Grand jury proceedings are shrouded in secrecy. No judge presides over them, no reporter annotates them, and when they have concluded, no juror may speak about them. While secrecy serves many important functions for the grand jury, its veil may be lifted under certain circumstances. Grand jury records may be released if they fall under a disclosure exception laid out in Federal Rule of Criminal Procedure 6(e). While some courts limit release to the exceptions laid out in the Rule, others look to an alternative source of authority.

Several courts of appeals have held that district court judges may exercise inherent supervisory power in authorizing the release of grand jury records. Judges may consider the public interest in disclosure, compare it to the institutional interest in secrecy, and decide for themselves. Other circuits find no such power.

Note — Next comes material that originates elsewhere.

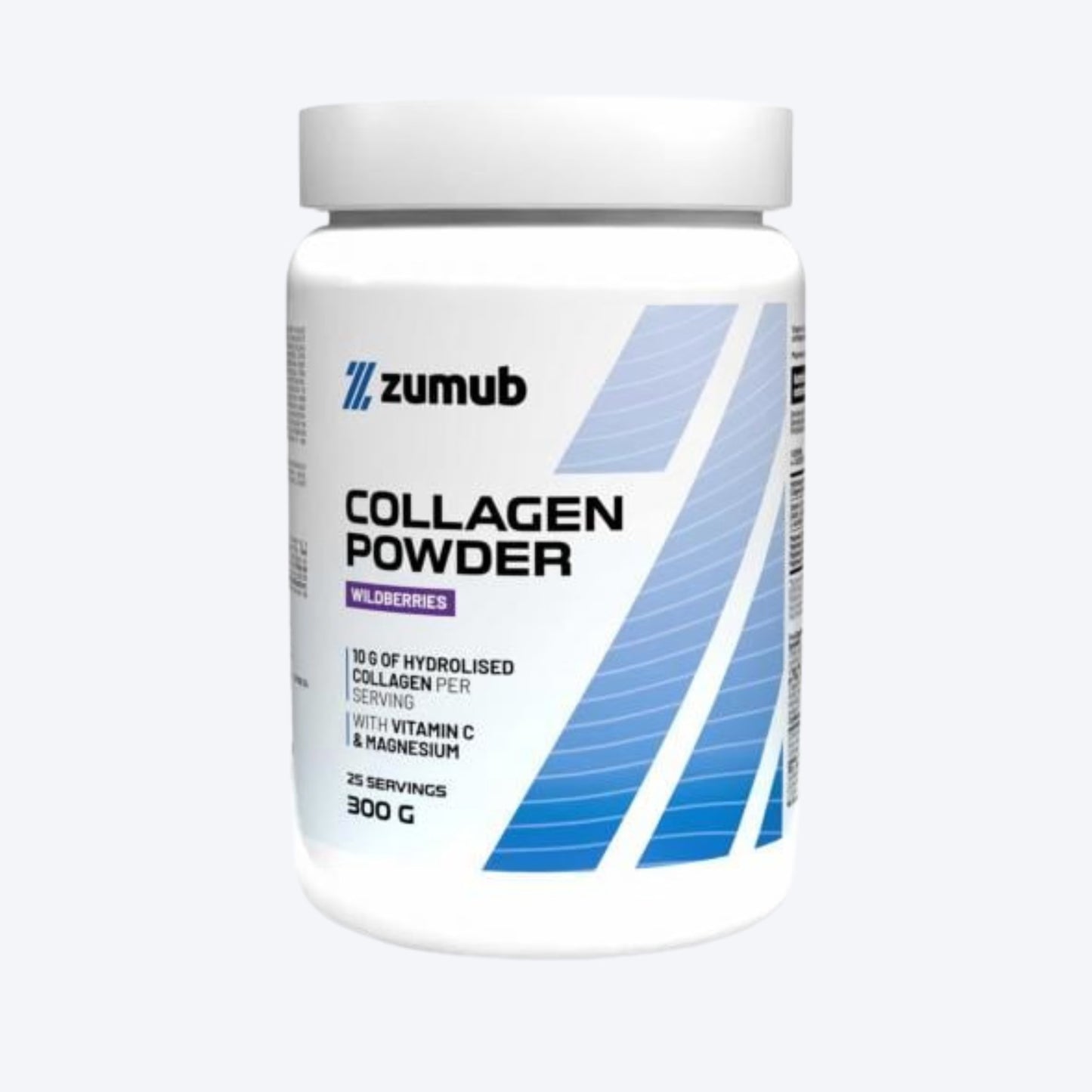 Zumub Collagen Hydrolised 300g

The circuits have reached an impasse on the text of the Rule alone, with each side offering compelling but incomplete justifications for their interpretation. This Comment provides an alternative path forward. By examining the history of the grand jury and the relationship between the Federal Rules and common law supervisory power, this Comment argues that district court judges lack inherent supervisory power over the grand jury to order disclosure. Courts that follow the exhaustive position—that Rule 6(e)(3) limits the exceptions when a court may authorize disclosure—better align with the understanding of the grand jury as an independent body. Conscious of this historical positioning, this Comment returns to both influential and overlooked Supreme Court precedent and offers a more contextually grounded interpretation of each. Judges have discretion to act within the bounds of Rule 6(e), not outside of it.